Townsend raises $100,000 for 2002 governor's race; Business, labor leaders show support at Little Italy event


In the first major fund-raiser of her campaign for governor in 2002, Lt. Gov. Kathleen Kennedy Townsend attracted about 130 people paying $1,000 each for dinner at a Little Italy restaurant last night.

The event was billed as a joint salute to Townsend by business and labor and drew leaders of several private- and public-sector unions, as well as prominent Baltimore business people.

"It's wonderful to have all these friends come together," Townsend said, taking a break from shaking hands and posing for pictures. "It makes me happy."

After expenses, Townsend will raise about $100,000 from the event, aides said.

Although the election is three years away, Townsend is beginning to crank up her fund-raising efforts.

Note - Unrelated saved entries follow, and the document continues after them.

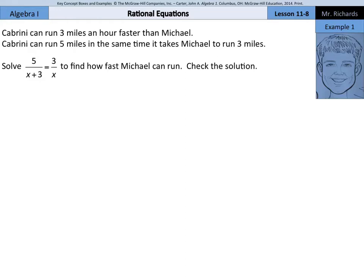Hi, Mr. Richards here. Today's lesson is on rational equations. Cabrini can run 3 miles an hour faster than Michael. Cabrini can run 5 miles in the same time it takes Michael to run 3 miles. Solve 5 over x plus 3 equals 3 over x to find out how fast Michael can run.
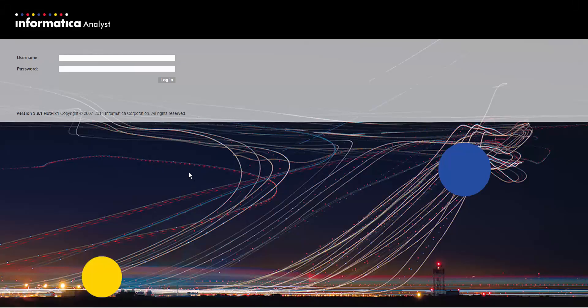In this demo, we will see how we can view relationships between assets and the tasks that we can perform in the Analyst tool when viewing the relationship diagram.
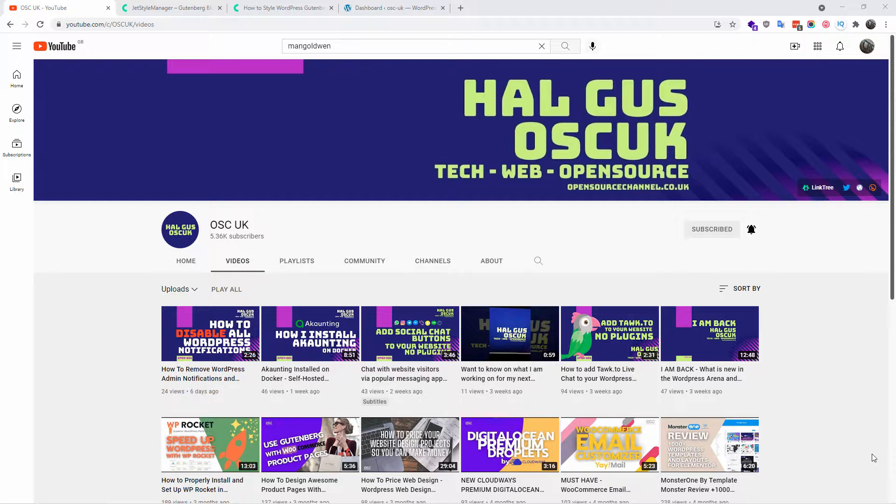Hello everyone, this is Al from the Open Source Channel. Welcome again to a new episode on how-to. Today we're going to talk about a Crocoblock plugin for WordPress. Don't forget to like and share my videos, subscribe, and hit the bell icon so you get notified when I create new content.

She had a $10-a-head event at the Baltimore Zoo in July and is planning a fund-raiser Sept. 18 on Cape Cod at the Kennedy family home in Hyannis Port, Mass.

Last night, supporters portrayed Townsend as a candidate able to appeal to both business and labor.

"She is really pro-business," said Stephen L. Snyder, a prominent plaintiff's trial lawyer in Baltimore who was a co-chairman of last night's event.

"She's a friend of the working-class people," said Kevin B. O'Connor, president of the state firefighters union. "She will be a fantastic leader in the future."

Also attending were union leaders representing auto workers, Baltimore police, state employees, steel workers and teachers.

Townsend drew some of Baltimore's best-known political patrons, including bakery owner John Paterakis and construction firm owner Willard Hackerman.

Edward Dopkin, chief executive of Classic Catering, said he decided to give Townsend money after looking at the possible campaign field. He said he has grown more impressed with her during her time in office.

"People didn't know her four or five years ago," Dopkin said. "But they have really learned a lot about her, and the more they get to know her, the more they like her."

Among elected officials who attended was U.S. Sen. Barbara A. Mikulski, who praised Townsend's record and called her "a real fighter."

Mikulski made clear in an interview later that she is still neutral in the Democratic gubernatorial race. "That was not an endorsement," she said. "Those were just friendly words for another sister in politics."

Several other ranking Democrats are considering a bid for governor in three years, including Montgomery County Executive Douglas M. Duncan, Baltimore County Executive C. A. Dutch Ruppersberger and Prince George's County Executive Wayne K. Curry.